Sep. 26, 2017
High court should clarify scope of CFAA
The justices should take up U.S. v. Nosal to clarify the scope of the Computer Fraud and Abuse Act -- the statute was intended to outlaw serious computer break-ins, like that depicted in the 1983 techno-thriller “WarGames.
OCTOBER 2017 TERM
The U.S. Supreme Court will soon decide whether to review the United States v. Nosal, and its decision will have critical implications for entrepreneurs, innovators, computer security professionals, employees, and, at bottom, all of us who use the internet. Nosal addresses the scope of the Computer Fraud and Abuse Act, and how it’s sometimes misused to allow large internet companies and employers to essentially write the law it can later accuse someone of violating. The case is an opportunity to put an end to abuse of the CFAA’s notoriously vague language and usher this outdated law into the 21st century. The Supreme Court should take it.

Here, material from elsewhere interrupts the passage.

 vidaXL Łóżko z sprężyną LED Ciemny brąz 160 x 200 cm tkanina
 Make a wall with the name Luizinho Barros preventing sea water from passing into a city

The CFAA — passed in 1986, when there were only about 2,000 computers connected to the internet — makes it a crime to access a computer connected to the internet “without authorization.” But the law fails to explain what this means. This has proven problematic in today’s interconnected world, where we access someone else’s computer anytime we visit a website or use a phone app. The statute was intended to outlaw serious computer break-ins, like that depicted in the 1983 techno-thriller “WarGames.” A Senate report cited the film, in which Matthew Broderick breaks into a U.S. military supercomputer programmed to predict nuclear war outcomes and unwittingly almost starts World War III, as “a realistic representation of the automatic dialing and access capabilities of the personal computer.” But as a direct result of its vague language, the statue has metastasized in some jurisdictions into a tool for both law enforcement and private parties to police Internet use and enforce terms of service. In these jurisdictions, courts consider violations of a computer owner’s preferences, expectations, and policies relevant for determining whether an individual has accessed a computer “without authorization.” In Nosal, the 9th U.S. Circuit Court of Appeals joined this set of courts.

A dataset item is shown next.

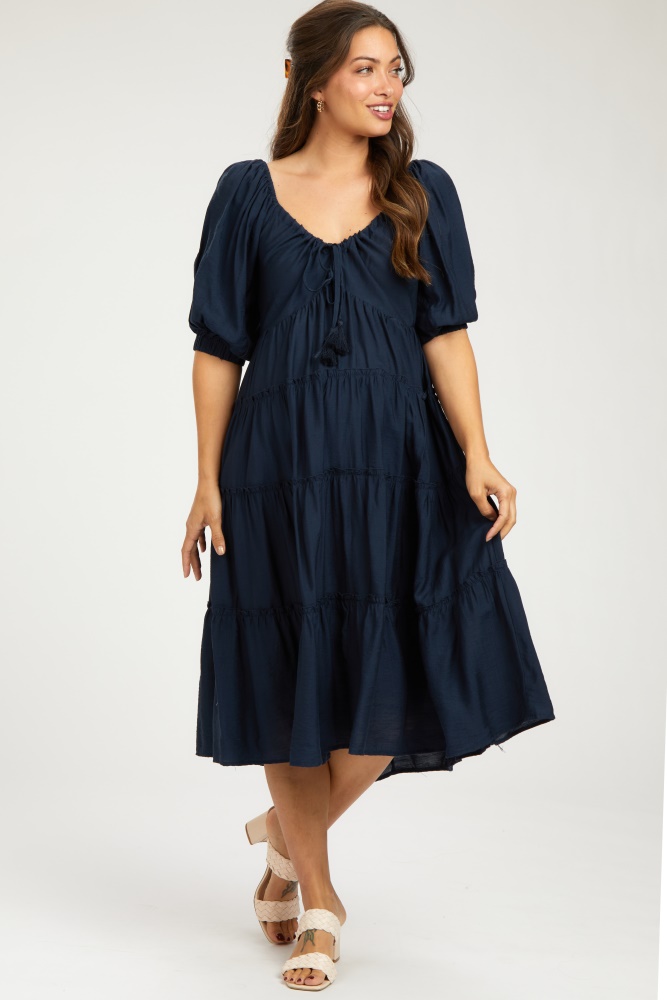 navy tiered maternity midi dress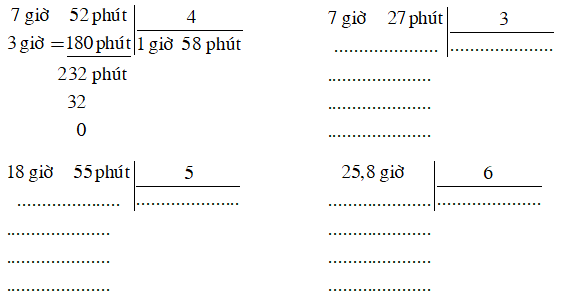 Vở bài tập Toán lớp 5 Tập 2 trang 56, 57 Bài 127: Chia số đo thời gian với một số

While others jurisdictions rightly recognize that a law intended to criminalize computer “hacking” shouldn’t be applied to violations of computer use policies, the disagreement in the lower courts has caused a great deal of confusion and uncertainty. It’s hard to know what types of computer use would count as criminal. This is exactly what the Rule of Lenity is supposed to protect against.
In Nosal, the 9th Circuit found that it was a crime under the CFAA for an ex-employee to access a proprietary corporate database with a current employee’s login credentials, with that employee’s knowledge and permission, after his own credentials were revoked. The court got there by importing the company’s implicit ban on sharing passwords into its own definition of authorization. The court held that authorization under the CFAA can only come from a computer owner (such as an employer or website owner), not a computer user or account holder. But the statute doesn’t make this distinction, and under this reasoning anyone who has ever used someone else’s password with the approval of an account holder but without the approval of the computer owner is at risk of prosecution. The court doesn’t differentiate ordinary password sharing — logging into someone’s account when they are ill to help with a mundane task, like getting a boarding pass — in a way that anyone can safely rely upon.

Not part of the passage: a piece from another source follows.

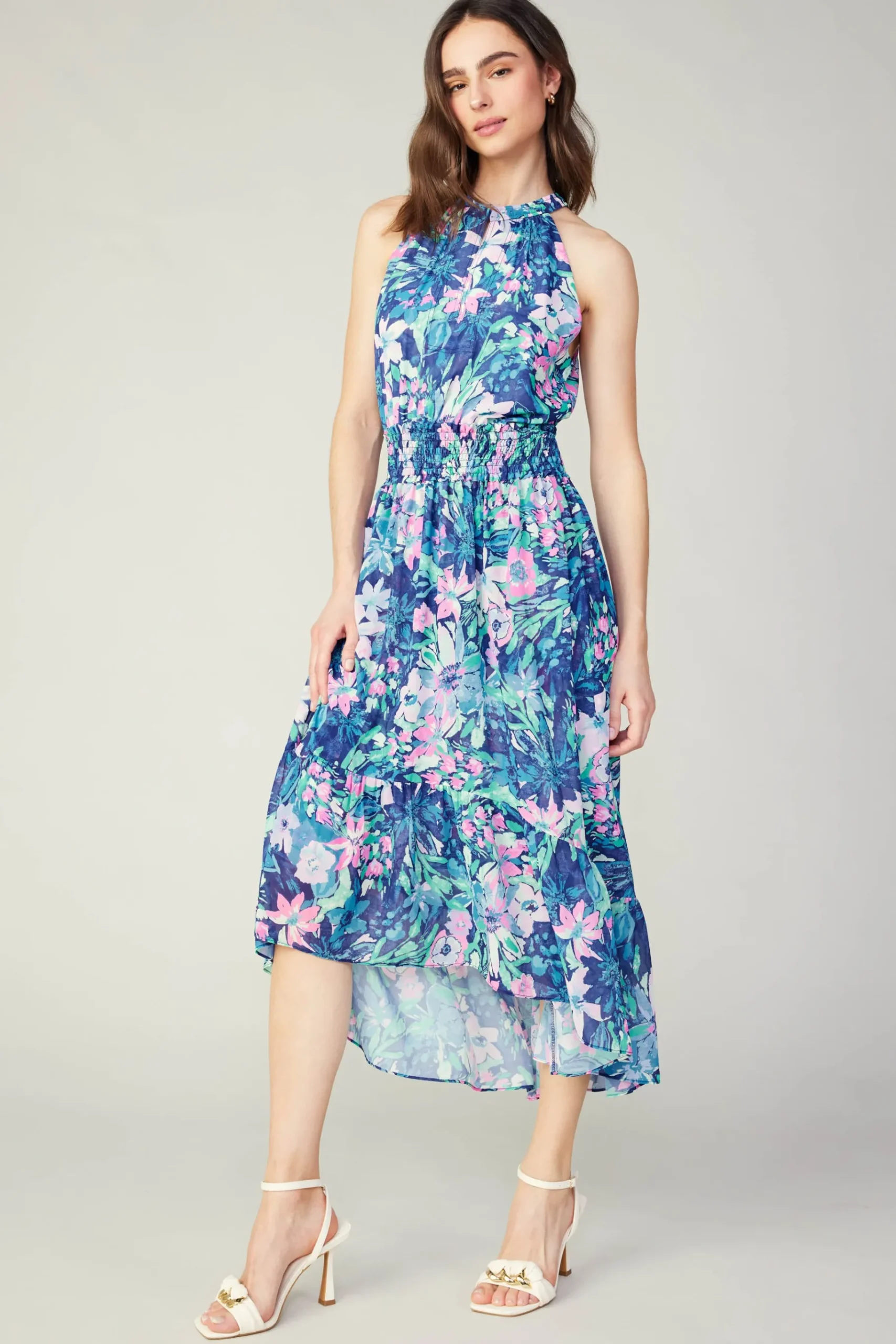 Outlet Painterly Floral Asymmetric Dress Women Maxi Dresses | Midi Dresses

In other cases, courts have found that accessing a computer in violation a corporate computer use policy is enough for a CFAA violation. Under this reasoning, registering a Facebook account with a fake name could be grounds for a conviction.
This uncertainty has chilled security researchers and innovators alike. And understandably so: The CFAA’s penalties are draconian. First time offenses are punishable by up to five years in prison (10 years for repeat offenses), plus fines, with no possibility for a misdemeanor.
The combination of legal uncertainty and exorbitant penalties also makes the CFAA perfect fuel for abusive cease and desist letters. In one infamous C&D from this summer, Zillow cited the CFAA in list of various other laws the McMansion Hell blogger “may” have broken. (The letter unleashed a wave of negative publicity, and Zillow decided against moving forward with legal action.) The law is also cited in letters from websites demanding that competing services refrain from legal uses of publicly available data on their sites. This very practice is at issue in a case pending in the Northern District of California, HiQ Labs, Inc. v. LinkedIn Corporation. HiQ — one of many to have received a cease and desist letter from LinkedIn in the last year citing the CFAA — proactively sought clarification from the court as to whether automated access of publicly available data on LinkedIn’s website, in violation of LinkedIn’s terms of services, constituted a CFAA violation. The court recently issued a preliminary injunction order in hiQ’s favor, expressing doubt that the CFAA can be invoked “to punish hiQ for accessing publicly available data” and concern over the implications LinkedIn’s position could have on the open internet. LinkedIn is appealing the decision.
LinkedIn certainly isn’t the only company that has used the CFAA to stomp out innovation and competition. And the misuse has dangerous implications for us all. The CFAA is first and foremost a criminal statute. Efforts by private companies to expand the reach of the CFAA in the civil context — where judges may not be as scrupulous in applying the Rule of Lenity — directly shape the law’s reach in criminal cases. Using the CFAA to knock out a competitor in one case can land someone in jail in the next.